Богдан Осипович опустил подзорную трубу и задумался.

Здоровья он был слабого, мучили его постоянные боли в суставах, темнело в глазах от частого сердцебиения, по ночам он маялся бессонницей и поднимался с постели разбитым и в печальном настроении, потому что все чаще одолевали мысли о скорой смерти. Но в этот день, когда увидел прекрасные глаза, смотревшие на него с искренним страхом, будто бес под ребро вселился и начал шуровать, переиначивая все на свой лад. И болезни забылись, и мысли о скорой смерти, и сам он как будто два десятка лет скинул; воспрянул и даже испытывал некий любовный трепет.

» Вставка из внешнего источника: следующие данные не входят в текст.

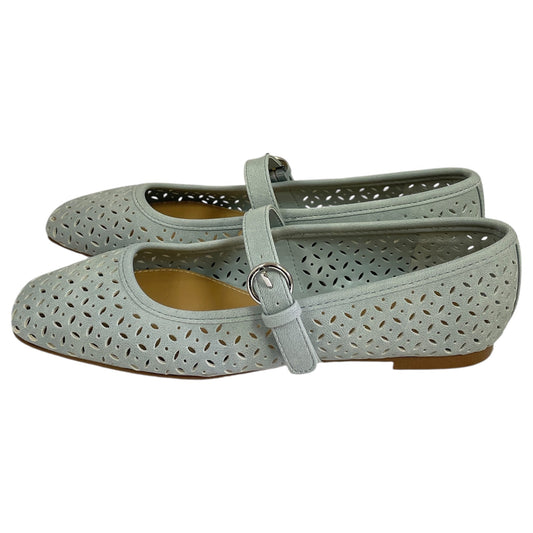 Shoes Flats By J. Crew In Blue, Size:7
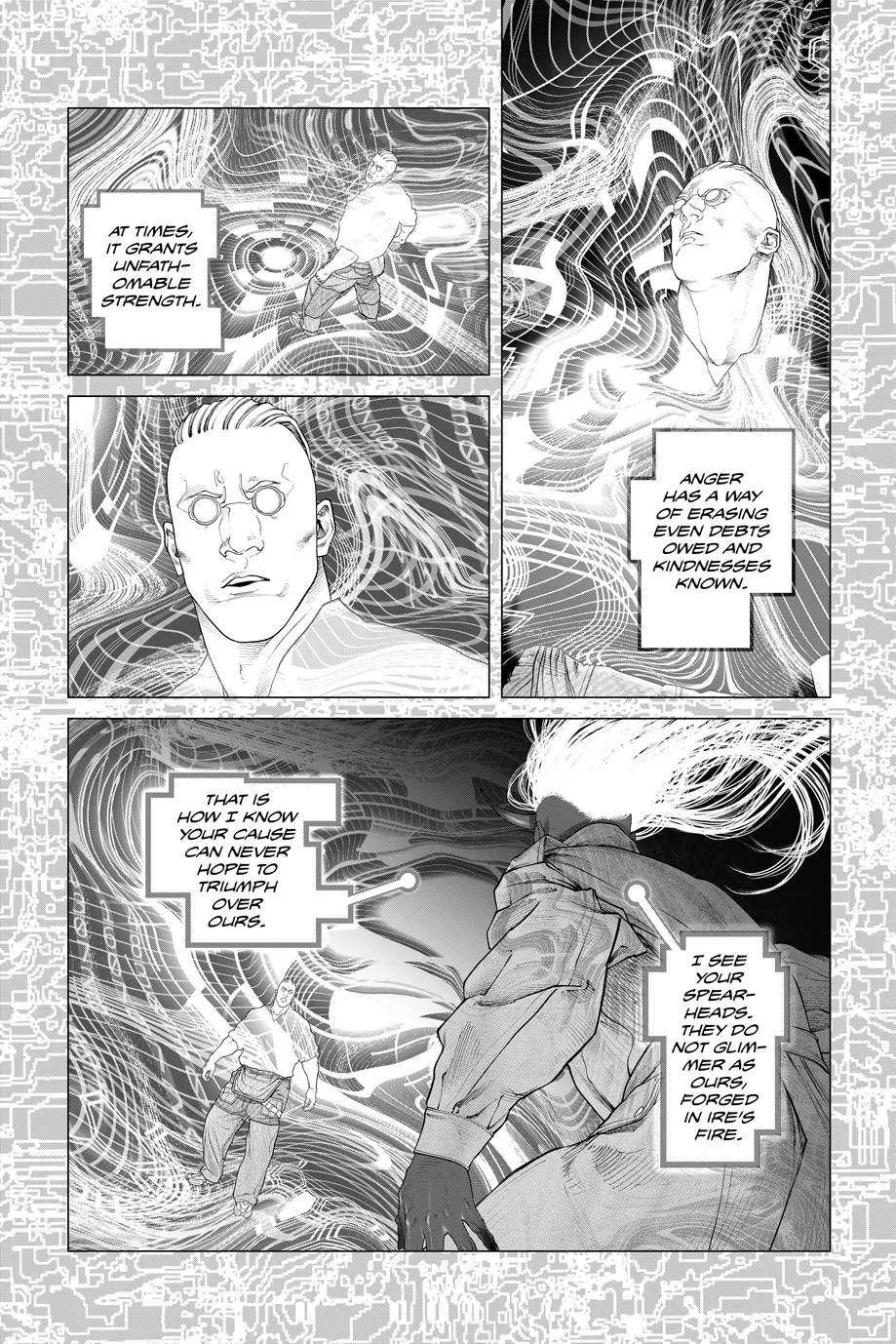 The Ghost in the Shell: The Human Algorithm - Chapter 94 - Page 11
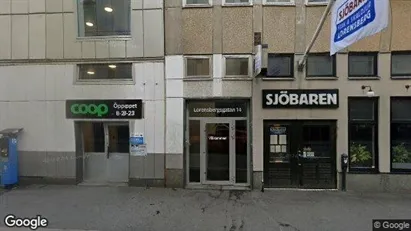 Affärslokaler att hyra i Göteborg Centrum - Bild från Google Street View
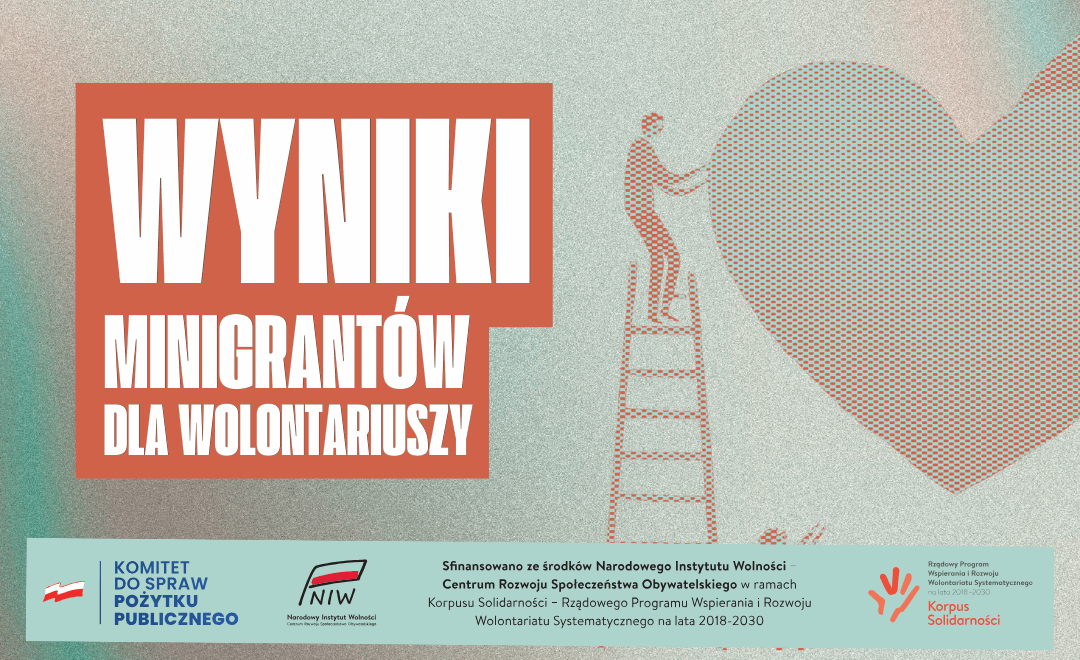 Wyniki minigrantów dla wolontariuszy Panda Team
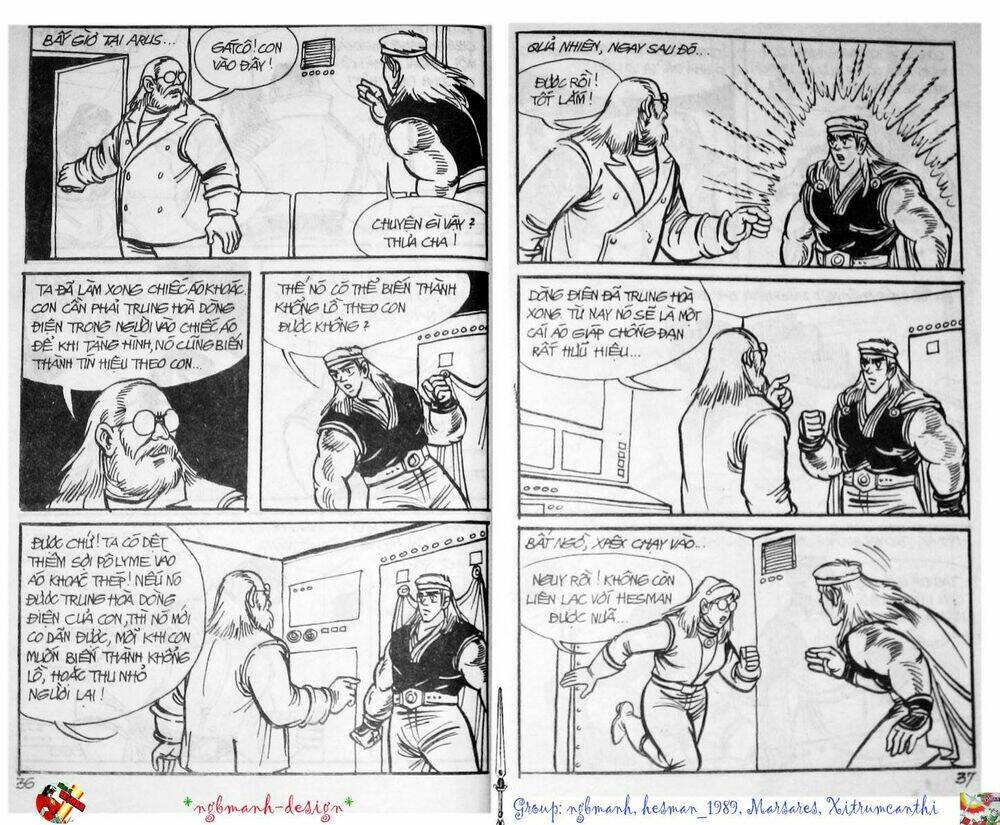 dũng sĩ hesman chapter 75 19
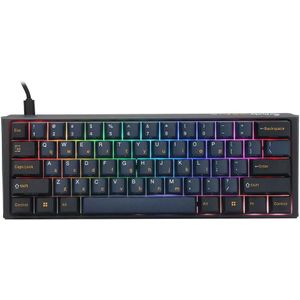 Ducky One 3 Pro Nazca Line 60% Rgb Mx2a-brown Gaming Mechanisch Toetsenbord Portugees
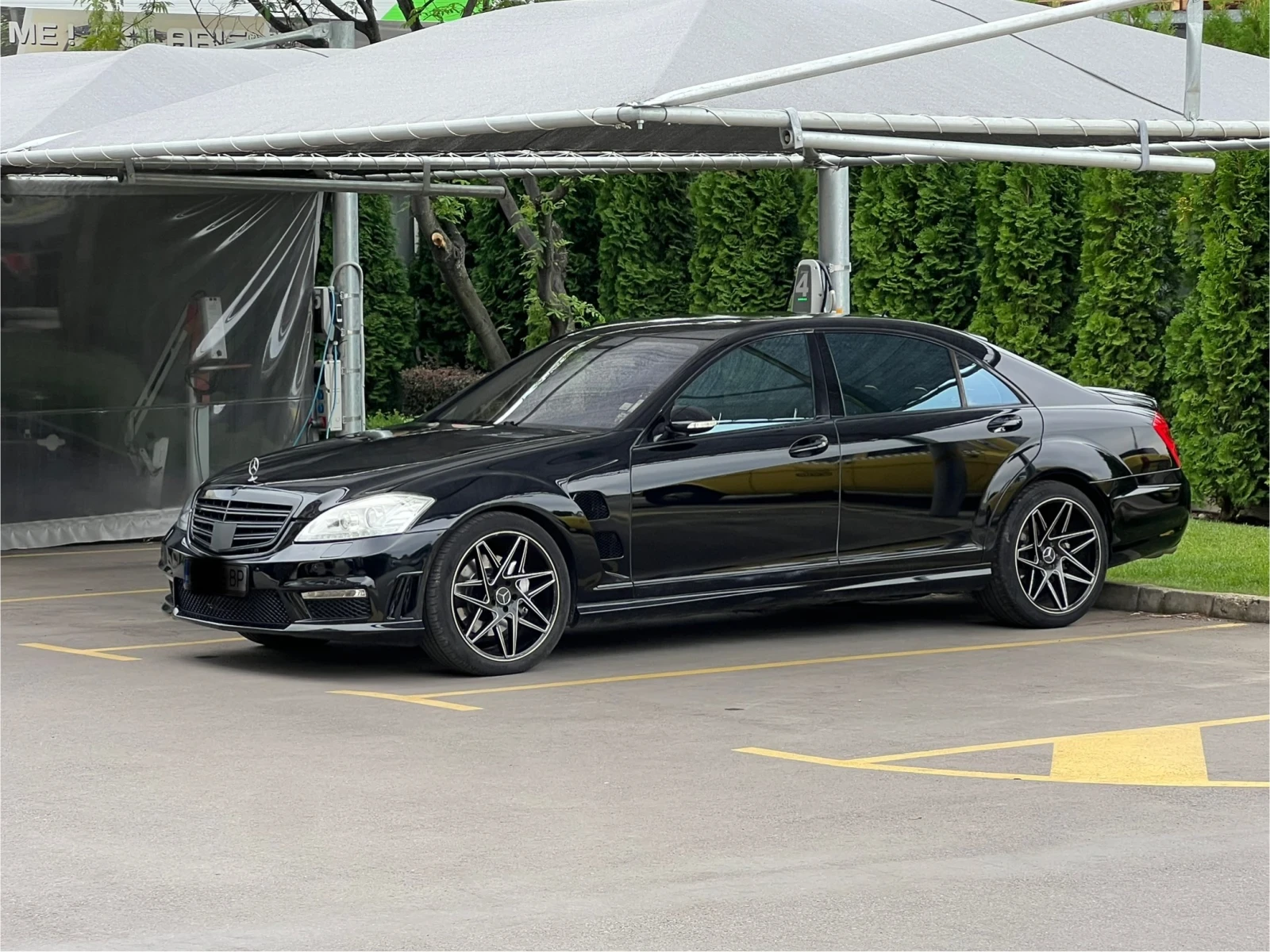 Mercedes-Benz S 500 S550 Lorinser, Long - изображение 5 | Auto.bg Mercedes-Benz S 500 S550 Lorinser, Long - изображение 5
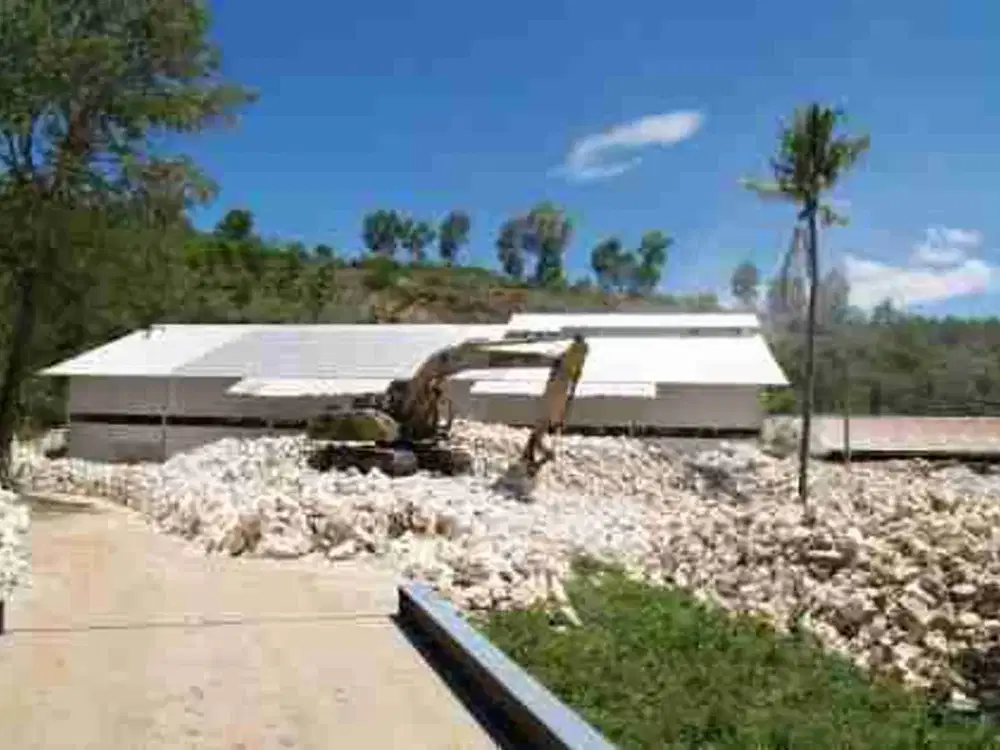 Murah Dijual Cepat Pabrik dan Tambang Mineral Non Logam di Campurdarat, Tulungagung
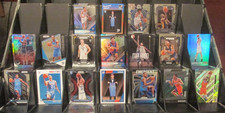 OKLAHOMA CITY THUNDER (18) CARD ROOKIES INSERTS PARALLELS STAR CARDS SEE SCANS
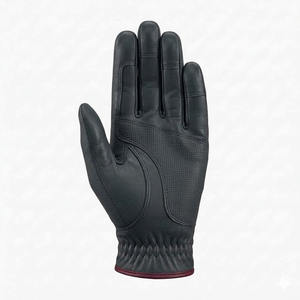 High Quality Custom Logo Sheepskin Golf Cycling Gloves Right Hand Breathable Moisture Wicking Full Finger <b>Hook</b> Loop Closure for - Product Image 4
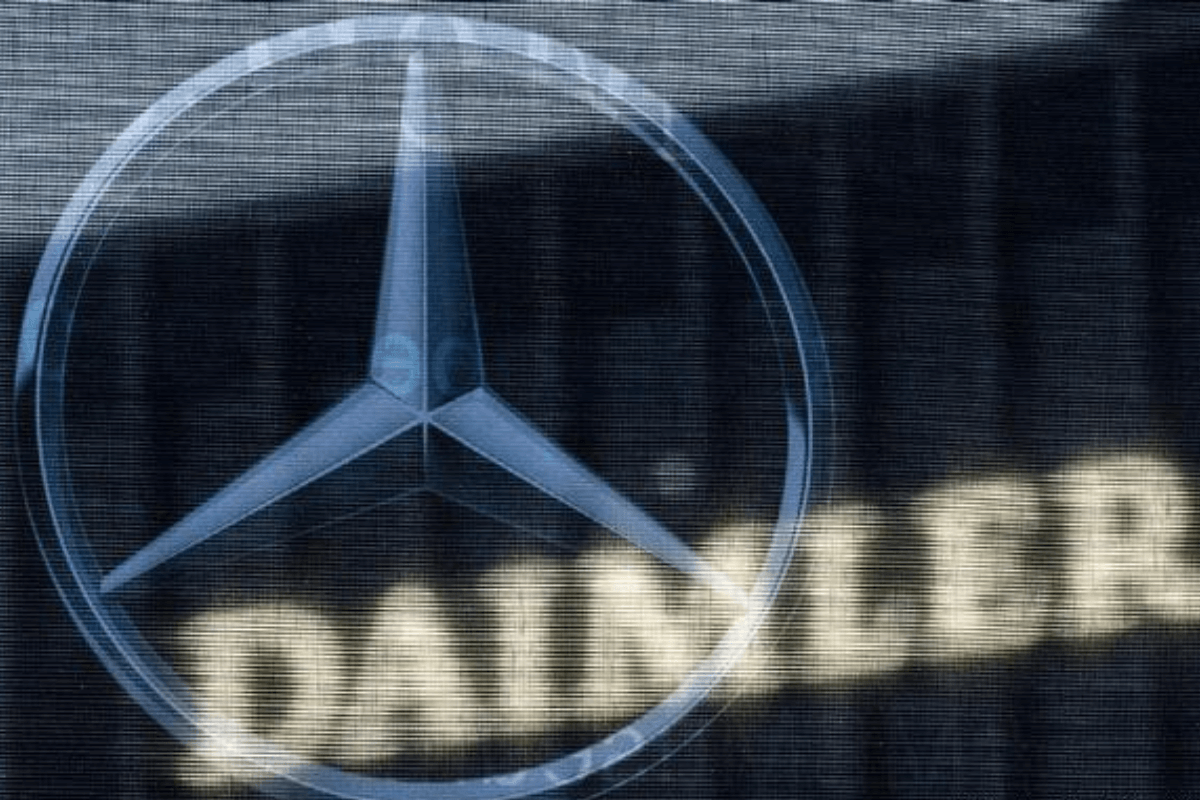 Daimler and Mercedes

На следующий день Ульяна была доставлена в имение, помыта в бане, переодета в новый сарафан, а вечером ей надлежало явиться в спальню. Да только ровным счетом ничего не получилось из того, что задумывал Богдан Осипович. Едва он дотронулся до Ульяны, как она, дикая, оттолкнула его двумя руками и он, не удержавшись на слабых ногах, отлетел к стене, ударился головой об угол ночного столика и сразу же затих, не успев пошевелить ни рукой, ни ногой. Даже не застонал.

Ульяна, увидев кровь на полу, заблажила в ужасе, потеряла саму себя, стала отбиваться от дворни, набежавшей в спальню, и ее пришлось связывать.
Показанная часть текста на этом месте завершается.